Worm Breeder's Gazette 13(3): 103 (June 1, 1994)
These abstracts should not be cited in bibliographies. Material contained herein should be treated as personal communication and should be cited as such only with the consent of the author.
The sur-2 gene is the most mutable locus identified in a screen for suppressors of a let-60 ras gain of function allele( nl046 ).The sur-2 gene is currently defined by eight mutations that map 1 map unit away from unc-54 on IR. Each of the eight alleles completely suppresses the Multivulva phenotype of let-60 ( nl046 ).Seven of the eight alleles display a completely penetrant egg laying defect (Egl) while one allele is partially Egl. The Egl defect can be explained by an abberant vulval lineage. Although the vulval lineages vary, the most common defect is the induction of P6 .pto form a primary lineage while P5 .pand P7 .premain syncicial. In addition to the vulval defect, sur-2 mutants display other pleiotropic defects including a partial larval lethality, a partial dauer constitutive phenotype, gonad abnormalities and a male mating defect, suggesting that this gene is likely to play a key role in a number of important developmental decisions. The sur-2 ( ku9 )allele is likely hypomorphic because vulval induction is reduced when ku9 is placed over a deficiency. The sur-2 ( ku9 )allele is also able to suppress the Muv phenotype of lin-15 ( n765 )suggesting that sur-2 acts downstream of, or parallel to, let-60 and lin-15 .The interaction between sur-2 ( ku9 )and lin-1 is more difficult to interpret: the double mutant is extremely sick and most worms are sterile; however there is a partial suppression of the lin-1 Muv phenotype suggesting that sur-2 ,like lin-1 acts very downstream in the pathway.

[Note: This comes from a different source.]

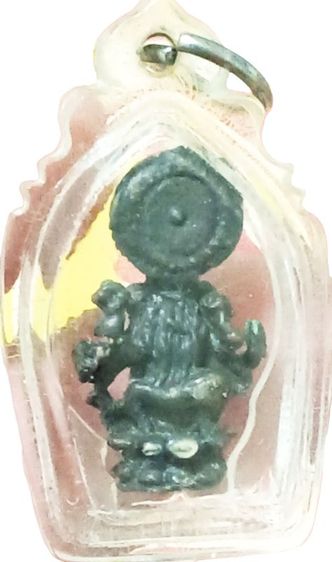 พระพิฆเนศปางประทานพร รูปที่ 2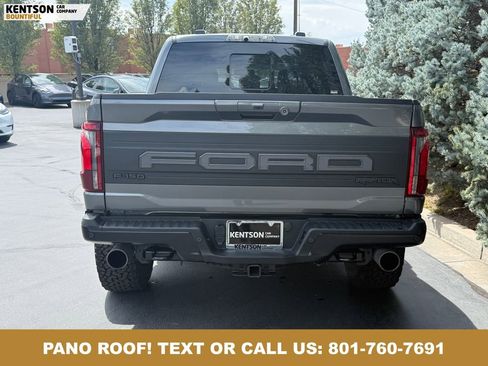 Used 2025 Ford F150 Raptor AWD/4WD image 7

The sur-2 gene was cloned by deficiency mapping and DNA-mediated transformation. Rescue of the ku9 egg laying defect requires nearly 14kb of genomic DNA. Developmental Northern blot analysis showed that the transcript is enriched during early embryonic and L1 stages of development. cDNA libraries constructed from these stages (Ahringer and Kimble) were screened and corresponding cDNA clones were obtained. DNA sequencing of the 14kb of genomic DNA and partial sequencing of the cDNAs indicate that sur-2 encodes a novel protein; thus our genetic screen has enabled us to identify a new member of the ras signalling pathway that has eluded biochemical investigation. Further genetic and molecular analysis of sur-2 is in progress.